Hoy me senté en el auto y manejé hasta la playa.
"Tenés apenas media hora entre clase y clase, el viaje de ida y vuelta insume unos 20 minutos así que te quedan 10 minutos escasos para estar ahí", me dijo la voz de mi conciencia.
Me importó tres carajos, igual puse primera y arranqué.
El cielo tenía ese color gris oscuro mezclado con un par de gotas de violeta y un suspiro cortito de blanco. El mar estaba planchadito, muy despacito se le enrulaban las orillas. Se veía verde luminoso, como si en el fondo hubiesen enchufado un reflector. Por el canal venía navegando despacito un mercante cerealero, gordo y blanco; se lo notaba con hambre, traía la línea de flotación bien alta. Me bajé y sentí el crishcrishcrish de la arena abajo de mis mocasines. Allá lejos en el fondo, cerca de la Isla Verde las nubes se desflecaban en hebras desprolijas y de vez en cuando aparecía un rayo hundiéndose en el agua. Los truenos no se escuchaban muy fuertes y apenas se sentía el viento. Cerca del parador dos hombres tomaban mate y custodiaban sus cañas de pescar. Hubiera querido acercame a una de las piedras grandes, para levantarla y espantar cangrejos, pero no tenía un par de zapatos extra y había mucho barro. Un cuis se asomó a tres metros pero como yo estaba tan quietita, con mis brazos cruzados y mi sonrisa de agua, enseguida empezó a masticar pastitos.

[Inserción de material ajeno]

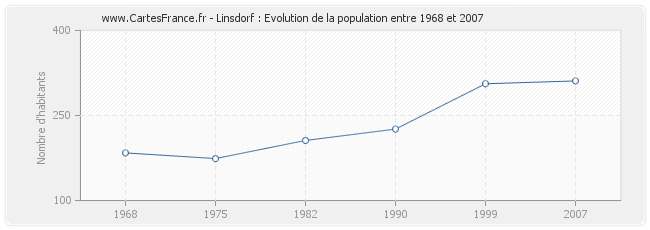 Population Linsdorf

"Al toque del timbre tenés que estar en la escuela, acordate que hoy empiezan con el temita de los stenciles"", me susurró mi conciencia tocandome el hombro con un dedo frío.
Crishcrishcrish hicieron mis mocasines por la arena. Me subí a la camioneta, miré el cielo gris-violeta, los flecos de lluvia, el mar verde, el barco gordo con hambre, los pesacadores con su mate, puse primera y manejé hasta la escuela.